Huntsville Revisited- Peter Humphries Clark
Peter Humphries Clark was born on March 29, 1829 in Cincinnati, Ohio. He was an abolitionist writer, and eloquent speaker, and in 1849 he was the first black teacher hired by the Cincinnati public school system. Because he was active in politics he inspired black voters in Ohio. Peter’s father, Michael Clark, was a successful barber and sent his son to private schools because there were no public schools in the area. His father died in 1849; so, Peter took over the business for a short time. Because of the efforts of Peter’s uncle, John Gains, black schools were authorized by the Ohio legislature. Later Peter became a teacher in the black school, but he was fired in 1853 by the white Board of Education for his public approval of Thomas Paine.

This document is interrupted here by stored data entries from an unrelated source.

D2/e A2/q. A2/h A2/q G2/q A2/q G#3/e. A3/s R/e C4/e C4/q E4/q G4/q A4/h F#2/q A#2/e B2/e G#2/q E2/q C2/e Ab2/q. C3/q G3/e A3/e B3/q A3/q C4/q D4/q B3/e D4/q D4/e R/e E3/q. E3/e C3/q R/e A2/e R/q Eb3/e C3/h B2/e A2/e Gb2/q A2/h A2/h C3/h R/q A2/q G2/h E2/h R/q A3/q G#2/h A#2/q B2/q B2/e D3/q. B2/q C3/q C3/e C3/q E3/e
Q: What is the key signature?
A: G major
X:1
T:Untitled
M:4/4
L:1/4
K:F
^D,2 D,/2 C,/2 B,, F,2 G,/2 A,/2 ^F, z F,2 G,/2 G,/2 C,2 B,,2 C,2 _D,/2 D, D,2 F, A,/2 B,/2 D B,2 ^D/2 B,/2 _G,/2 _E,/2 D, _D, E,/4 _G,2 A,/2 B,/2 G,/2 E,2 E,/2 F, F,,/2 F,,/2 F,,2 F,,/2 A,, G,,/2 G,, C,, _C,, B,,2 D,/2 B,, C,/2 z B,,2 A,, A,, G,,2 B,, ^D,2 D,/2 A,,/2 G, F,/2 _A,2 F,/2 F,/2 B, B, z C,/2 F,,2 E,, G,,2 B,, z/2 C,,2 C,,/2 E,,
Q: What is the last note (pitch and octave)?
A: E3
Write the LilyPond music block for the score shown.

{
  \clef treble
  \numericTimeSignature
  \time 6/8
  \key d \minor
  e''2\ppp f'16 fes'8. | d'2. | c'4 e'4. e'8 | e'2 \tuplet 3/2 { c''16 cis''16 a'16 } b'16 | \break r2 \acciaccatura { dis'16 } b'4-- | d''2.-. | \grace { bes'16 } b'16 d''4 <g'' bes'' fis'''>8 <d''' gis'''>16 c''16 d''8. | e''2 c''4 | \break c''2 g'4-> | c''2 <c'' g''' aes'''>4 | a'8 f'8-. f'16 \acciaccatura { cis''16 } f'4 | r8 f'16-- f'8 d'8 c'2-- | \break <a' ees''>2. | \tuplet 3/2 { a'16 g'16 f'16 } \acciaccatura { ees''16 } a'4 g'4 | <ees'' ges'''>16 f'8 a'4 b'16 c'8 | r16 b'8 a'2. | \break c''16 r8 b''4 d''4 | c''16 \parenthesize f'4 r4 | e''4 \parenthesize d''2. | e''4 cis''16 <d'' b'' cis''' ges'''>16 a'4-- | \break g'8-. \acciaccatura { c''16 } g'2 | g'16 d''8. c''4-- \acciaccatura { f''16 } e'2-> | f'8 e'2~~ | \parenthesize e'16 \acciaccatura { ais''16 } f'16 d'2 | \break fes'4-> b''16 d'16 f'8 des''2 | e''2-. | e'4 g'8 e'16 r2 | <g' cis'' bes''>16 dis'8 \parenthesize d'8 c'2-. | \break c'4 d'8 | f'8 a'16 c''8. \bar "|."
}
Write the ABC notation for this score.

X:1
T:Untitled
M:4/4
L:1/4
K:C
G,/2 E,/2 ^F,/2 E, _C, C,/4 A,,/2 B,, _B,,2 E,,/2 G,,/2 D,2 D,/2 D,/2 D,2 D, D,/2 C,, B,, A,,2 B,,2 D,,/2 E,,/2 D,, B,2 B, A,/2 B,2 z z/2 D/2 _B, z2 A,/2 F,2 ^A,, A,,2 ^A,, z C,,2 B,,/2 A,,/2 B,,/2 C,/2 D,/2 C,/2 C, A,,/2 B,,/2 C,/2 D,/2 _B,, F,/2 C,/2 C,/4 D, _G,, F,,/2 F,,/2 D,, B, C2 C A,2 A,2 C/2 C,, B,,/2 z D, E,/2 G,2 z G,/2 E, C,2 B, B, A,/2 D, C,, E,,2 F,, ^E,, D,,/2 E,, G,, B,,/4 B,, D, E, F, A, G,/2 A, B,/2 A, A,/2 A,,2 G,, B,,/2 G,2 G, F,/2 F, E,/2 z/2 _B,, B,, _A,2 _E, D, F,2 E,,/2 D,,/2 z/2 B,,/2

During the next four years, he participated in the Ohio Convention of Colored Men, and edited and published his own newspaper. He was appointed secretary of the 1853 National Convention of Colored Men, by Frederick Douglass. In 1854 he married Francis Ann Williams. In 1857 he was rehired by the black trustees of the colored schools and made principal of the Western District School in Cincinnati. He became principal of Gaines High School in 1866 and held that post until 1886, when he was fired on political grounds. He left Cincinnati in 1887 to serve as principal of the Alabama State normal and Industrial School in Huntsville, and in 1888 went to St. Louis where he taught at the segregated Sumner High School for twenty years. In 1878 he ran for congress on the Socialistic Labor Party ticket.